I do have to thank Adams for his volume having reminded me of something that I had read a long time ago in Stephen Williams’s Fantastic Archaeology, that Ignatius Donnelly had sent a copy of his Atlantis: The Antediluvian World (1882) to Charles Darwin, who replied unhelpfully that he was skeptical of Donnelly’s thesis. I had wondered at the time why no one quoted the letter in full, and its excerpt in Adams’s book revived my curiosity, so I tried to find out. It turns out that Darwin’s handwriting is so awful that no one can quote the whole letter because so many words are illegible! Here’s a copy of the letter as published by the Minnesota Historical Society, along with my best guess at a transcription, as amended by the thoughtful comments in the comments section below.
March 2d, 1882
I am much obliged to you for your kindness in having sent me a copy of your “Atlantis.”
I shall read the book with interest, though I must confess in a very sceptical spirit. —
10 Downing St., Whitehall, March 11, 1882.
Dear Sir,—I thank you very much for your Atlantis, a copy of which you have been so kind as to present to me. Though I may not be able to accept all your propositions, but I am much disposed to believe in an Atlantis, and I think I can supply you with another case in which traditions have come down into the historic age from periods of time lying far away in the background of preceding ages.
Homer unquestionably (I do not fear to say) believed in a sea-exit from the northern Adriatic, and imagined the north of Europe to be an expanse of water. And this, geology, I believe, assures us that it was, but not within what we have heretofore received as the limit of the memory of man.

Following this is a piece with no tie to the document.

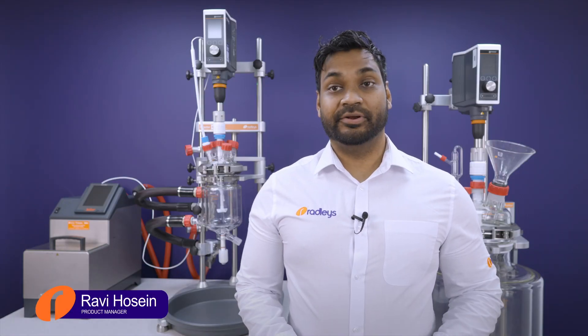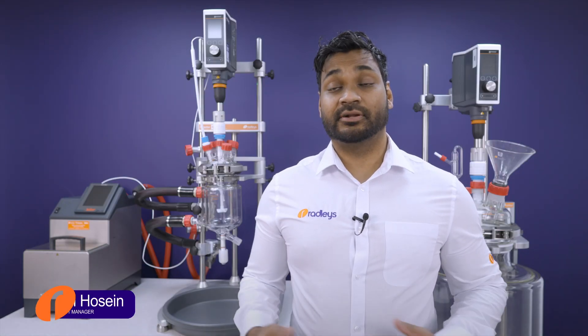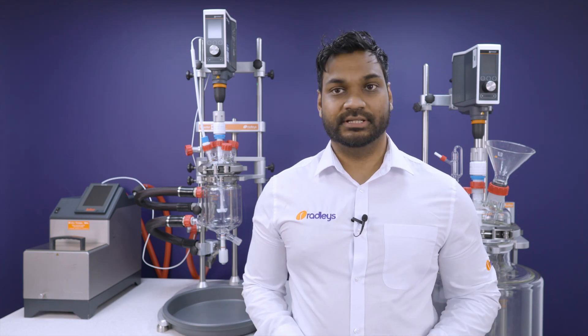At Radleys we have decades of experience in producing reactors for scientific research as well as GMP production. These jacketed lab reactors, like our Reactor Ready range, are designed to give users the best possible control over temperature, stirring, and other parameters such as pH.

Three or four years ago the Duke of Argyle was at Venice, and saw on a fish-stall a fish which he was familiar with on the west coast of Scotland, but which is unknown in the Mediterranean generally. And on further examination he found that that corner of the Adriatic corresponded as to local fish with the Atlantic. This is a curious and perhaps a significant fact.
I am, dear sir, your very faithful and obedient
W. E. Gladstone.
Ignatius Donnelly, Esq., U. S. A.
The Prime Minister’s letter was used in Donnelly’s marketing materials and reprinted in Harper’s Weekly and Harper’s Bazaar, a celebrity endorsement for the ages. Did I mention that his book had been published by Harper Brothers, the owners of those magazines? No? Well, it was totally a coincidence, I’m sure.